En un lapso de aproximadamente diez siglos
que inició con la disolución del Imperio Romano de occidente hasta el
arbitrario comienzo del llamado Renacimiento, caracterizado por ‘un poderoso
anhelo de renovación religiosa’, la concepción de una nueva verdad trató de
sustituirse intentando alejarse de las envestiduras escolásticas. Para Erasmo
de Rotterdam (1466-1536) simplemente la filosofía “es un conocerse a sí mismo a
la manera de Sócrates y de los antiguos”. Y aseguraba que “la sabiduría
cristiana no necesita de complicados silogismos y se reduce a pocos libros: los
Evangelios y las Cartas de San Pablo”. Todo aquello del poder eclesiástico y de
los escolásticos sólo servía para complicar las cosas con la intención de
aumentar su poder enmarañando hasta la naturaleza de lo creado, al decretar qué
era lo verdadero y qué lo falso. Simplemente el todo se reducía a "porque lo
digo yo".
Martín Lutero (1483-1546) irrumpió en el teatro de la vida política y espiritual con tan fuerte explosión, que hizo temblar a Europa rompiendo la maquillada unidad del mundo cristiano. Unidad que en la mayoría de los casos se mantenía frágilmente por los mismos intereses creados tanto eclesiásticos como civiles. Incluso para muchos intelectuales “el medievo acaba con Lutero y con él se inicia una fase importante del mundo moderno”. La autorización para descubrir nuevas verdades sin que la conciencia fuera un obstáculo determinante en la intención, se destapó, o quizá se desbocó en algunas ocasiones, con el entusiasmo de un joven al que le quitan de repente todo tipo de limitaciones. La afirmación platónica de que la realidad se encuentra más allá de las apariencias, inspiró a teólogos y científicos por igual para investigar con mayor profundidad los misterios de la naturaleza. En este punto se pensaba que, si Dios es la verdad, entonces los métodos de la ciencia deberían conducir directamente hacia Dios. Entonces ¿por qué no usar la razón? La revolución científica arrancó con cierta discreción. No obstante, la fuerza que le imprimieron cada vez se observaba aumentar en cuanto a intensidad con el fin de sustituir a una religión con múltiples incisiones. La cientificidad intentó ocupar la posición de esa maltrecha religión para convertir a la ciencia en lo absoluto.

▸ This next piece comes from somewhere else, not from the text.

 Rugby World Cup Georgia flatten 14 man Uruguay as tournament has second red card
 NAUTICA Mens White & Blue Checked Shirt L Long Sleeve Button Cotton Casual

En realidad, la revolución científica se trata de una poderosa revolución de ideas que durante el siglo XVII presenta sus rasgos distintivos en la obra de Galileo Galilei (1564-1642), nacido en la Toscana y fallecido en la misma región. Se dice que el período de este movimiento transcurre aproximadamente entre “la fecha de publicación del De Revolutionibus de Nicolás Copérnico” (Mikola Kopernik, polaco, 1473-1543), durante el año de 1543, “hasta la obra de Isaac Newton (inglés, 1643-1727), cuyos Philosophiae Naturalis Principia Mathematica fueron publicados por primera vez en 1687”. Las ideas diferentes manifestadas por Galileo se encuentran fuertemente influenciadas principalmente por la filosofía de Descartes y de Bacon; así como más tarde se manifestó la perspectiva newtoniana de que el universo es una auténtica máquina con la precisión de un reloj. Así es presentado en este período una amplia modificación del universo incluyendo, por supuesto, la revolución astronómica “cuyos representantes más prestigiosos son Copérnico, Tycho Brahe (Tyge Ottesen Brahe, danés, 1546-1601), Kepler (Johannes Kepler, alemán, 1571-1630) y Galileo”.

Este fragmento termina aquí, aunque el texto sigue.